La lettera del 1613, lunga sette pagine e firmata in calce G. G. , era indirizzata all’amico Benedetto Castelli, matematico dell’università di Pisa. Qui Galileo sostiene per la prima volta che la ricerca scientifica deve essere libera dalla dottrina teologica. Una lettera che scatenò un putiferio, ma che si tinse anche di giallo.

Il testo venne inviato all’Inquisizione il 7 febbraio del 1615 dal frate domenicano Niccolò Lorini e la copia di quella lettera è custodita ora negli Archivi Segreti Vaticani. Una settimana dopo, Galileo scrisse all’amico Piero Dini, suggerendo che la versione spedita dal Lorini all’Inquisizione fosse stata alterata. Galileo allegò anche una versione “edulcorata” della lettera spedita a Castelli, presentandola come la versione originale, e gli chiese di farla avere ai teologi vaticani.

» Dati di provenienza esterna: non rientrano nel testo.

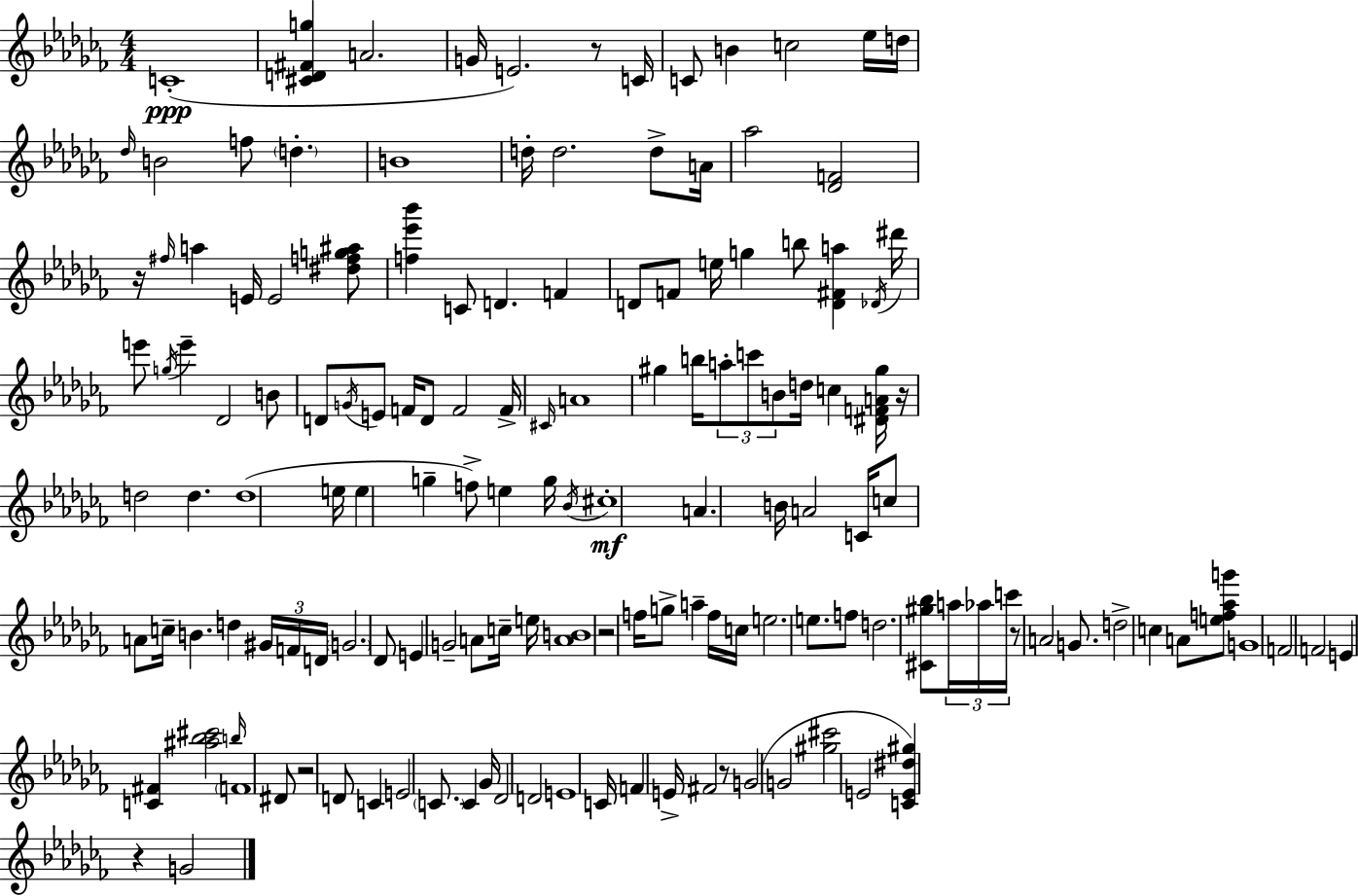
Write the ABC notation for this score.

Scrivendo a Dini, Galileo – che nel 1633, dopo la pubblicazione del Dialogo sopra i due massimi sistemi del mondo, sarebbe stato processato e condannato per eresia – si lamentava della malvagità e dell’ignoranza dei suoi nemici e si diceva preoccupato che l’Inquisizione potesse essere ingannata “da questa truffa, coperta dal mantello dello zelo e della carità”.

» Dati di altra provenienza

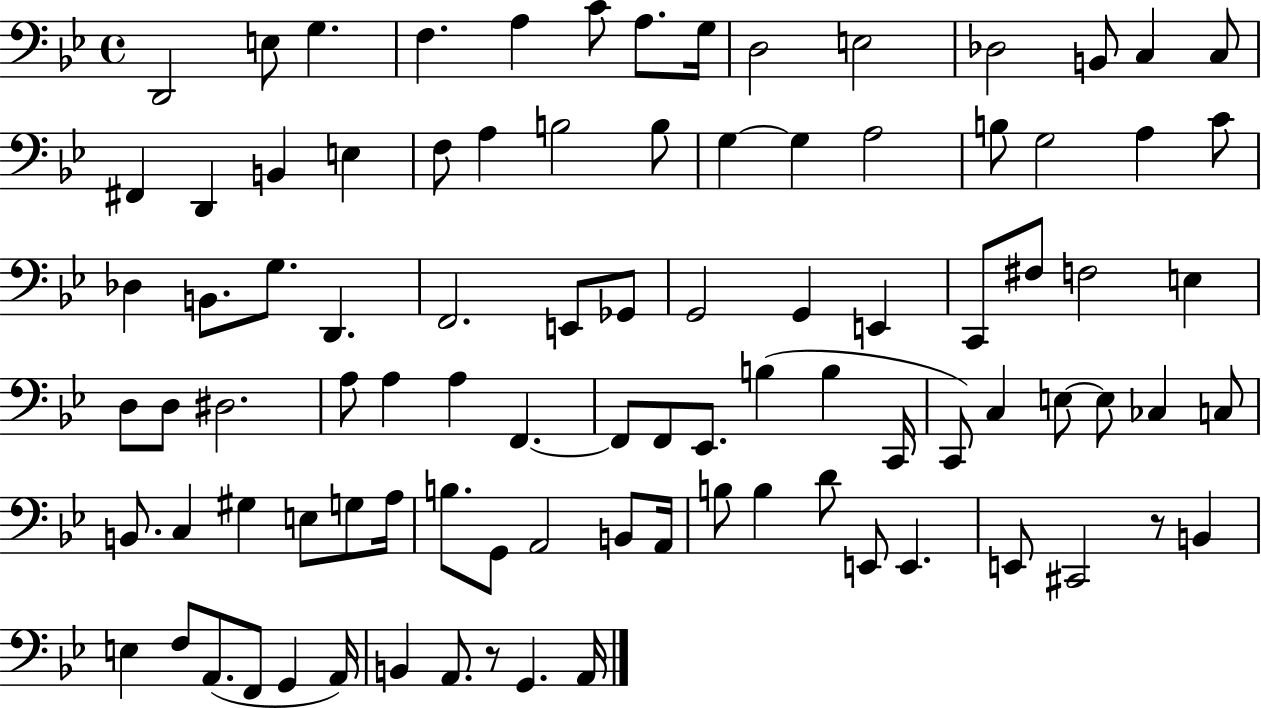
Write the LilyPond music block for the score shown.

Com’era andata davvero? Galileo affidò davvero all’amico Castelli il suo sfogo contro le ingerenze e le pressioni della Chiesa o qualcuno inviò una lettera falsa all’Inquisizione contro lo scienziato?

Tutto era nato il 13 dicembre 1613, quando Castelli viene convocato alla Corte Medicea (che in quei mesi usava trasferirsi a Pisa). I dubbi sull’ortodossia delle idee di Galileo avevano iniziato a insinuarsi, e l’allievo-amico Castelli, che insegnava matematica nell’università della città, cercò di calmare le ansie di Cosimo II e della granduchessa madre Cristina di Lorena. Intuendo però la gravità della situazione, avvertì subito il suo maestro. Galileo rispose con la lettera appena ritrovata, salvo poi emendarla due anni più tardi con le correzioni appena ritrovate.

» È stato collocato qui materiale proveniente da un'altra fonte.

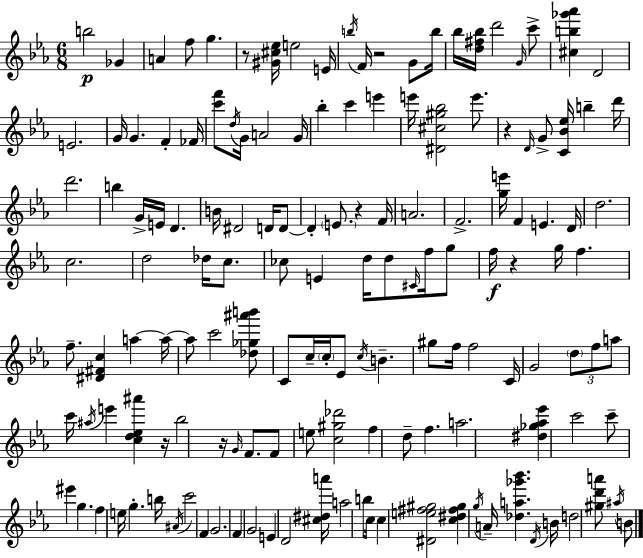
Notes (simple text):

B5/h Gb4/q A4/q F5/e G5/q. R/e [G#4,C#5,Eb5]/s E5/h E4/s B5/s F4/s R/h G4/e B5/s Bb5/s [D5,F#5,Bb5]/s D6/h G4/s C6/e [C#5,B5,Gb6,Ab6]/q D4/h E4/h. G4/s G4/q. F4/q FES4/s [C6,F6]/e D5/s G4/s A4/h G4/s Bb5/q C6/q E6/q E6/s [D#4,C#5,G#5,Bb5]/h E6/e. R/q D4/s G4/e [C4,Bb4,Eb5]/s B5/q D6/s D6/h. B5/q G4/s E4/s D4/q. B4/s D#4/h D4/s D4/e D4/q E4/e. R/q F4/s A4/h. F4/h. [G5,E6]/s F4/q E4/q. D4/s D5/h. C5/h. D5/h Db5/s C5/e. CES5/e E4/q D5/s D5/e C#4/s F5/s G5/e F5/s R/q G5/s F5/q. F5/e. [D#4,F#4,C5]/q A5/q A5/s A5/e C6/h [Db5,Gb5,A#6,B6]/e C4/e C5/s C5/s Eb4/e C5/s B4/q. G#5/e F5/s F5/h C4/s G4/h D5/e F5/e A5/e C6/s A#5/s E6/q [C5,D5,Eb5,A#6]/q R/s Bb5/h R/s G4/s F4/e. F4/e E5/e [C5,G#5,Db6]/h F5/q D5/e F5/q. A5/h. [D#5,Gb5,Ab5,Eb6]/q C6/h C6/e EIS6/q G5/q. F5/q E5/s G5/q. B5/s A#4/s C6/h F4/q G4/h. F4/q G4/h E4/q D4/h [C#5,D#5,A6]/s A5/h B5/e C5/s C5/q [D#4,E5,F#5,G#5]/h [C5,D#5,F#5,G#5]/q G5/s A4/s [Db5,A5,Gb6,Bb6]/q. D4/s B4/s D5/h [G#5,D6,A6]/e A#5/s B4/e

Il documento ritrovato da Ricciardo mostra che lo scienziato avrebbe corretto ed edulcorato le proprie parole, per evitare l’ira dell’Inquisizione. Il testo – Castelli a un certo punto aveva rimandato a Galileo la sua lettera – è puntellato da correzioni, con modifiche significative, come nota Nature, che ha anticipato la scoperta. In un punto, ad esempio, l’aggettivo “falso” attribuito ad “alcune affermazioni della Bibbia” è sostituito con un “appare diverso dalla verità”. Ma sotto le modifiche e le cancellature, il testo originale risulta proprio quello trasmesso da Lorini al Tribunale dell’Inquisizione.

Ricciardo, insieme al suo supervisore Franco Giudice e allo storico Michele Camerota dell’università di Cagliari, ha verificato l’originalità della lettera confrontando singole parole con altre simili scritte da Galileo nello stesso periodo. La scoperta è descritta in un articolo che sarà pubblicato sulla rivista Notes and Records della Royal Society.